INFORMATION SUPPLIED:
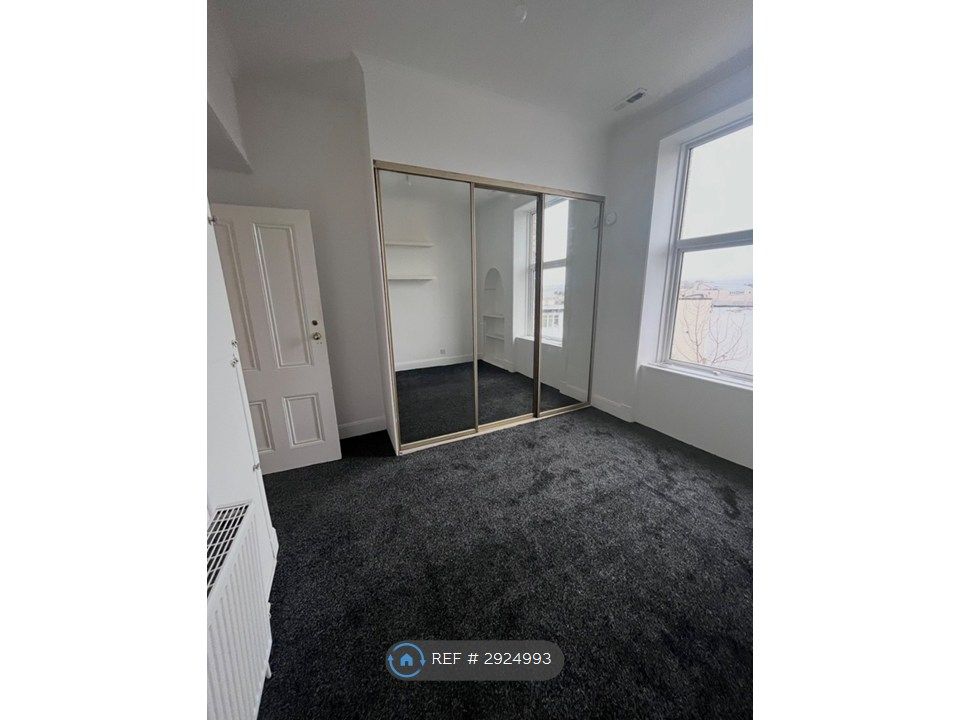 Property photo 3 of 3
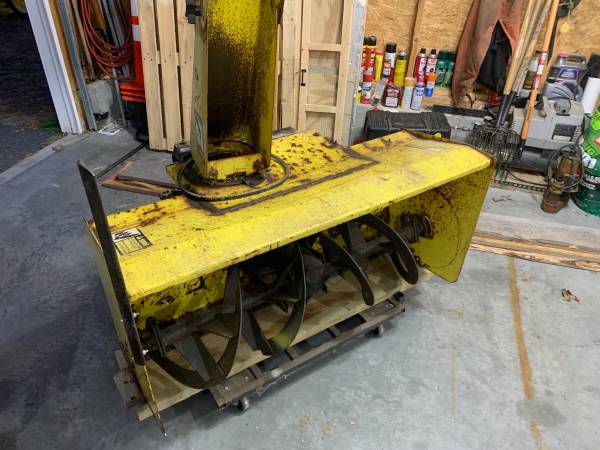John Deere 47” 2-stage snowblower 318, 322, 332 1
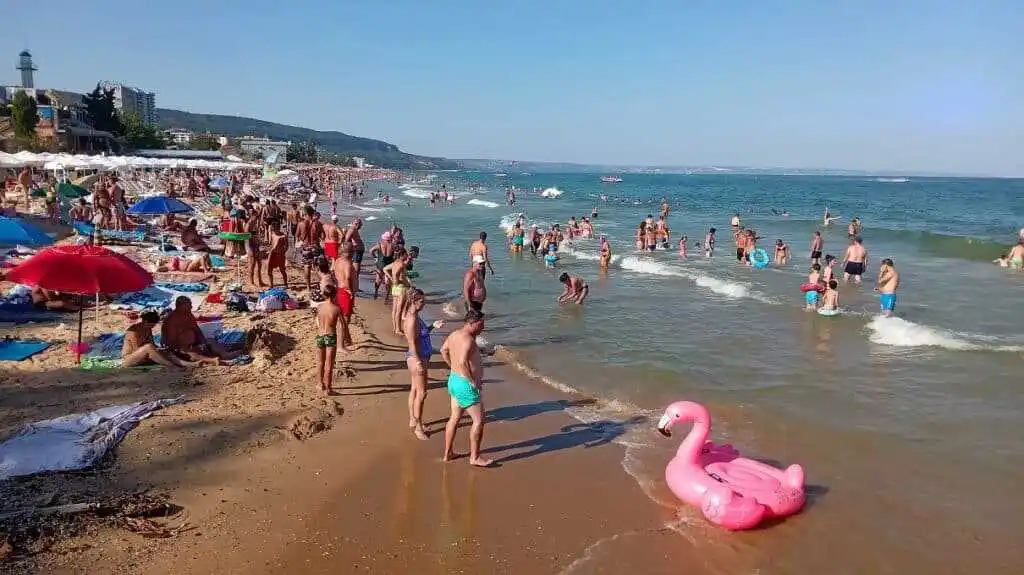 varna-beach-bulgaria-1024x575_optimized (1)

WHAT THIS TASK INVOLVES:
What is needed is an exact copy of the lines from the line with "318, 322, 332 1" to the end of the data above, both included, without any pictures.

REPLY TO THE TASK:
John Deere 47” 2-stage snowblower 318, 322, 332 1
 varna-beach-bulgaria-1024x575_optimized (1)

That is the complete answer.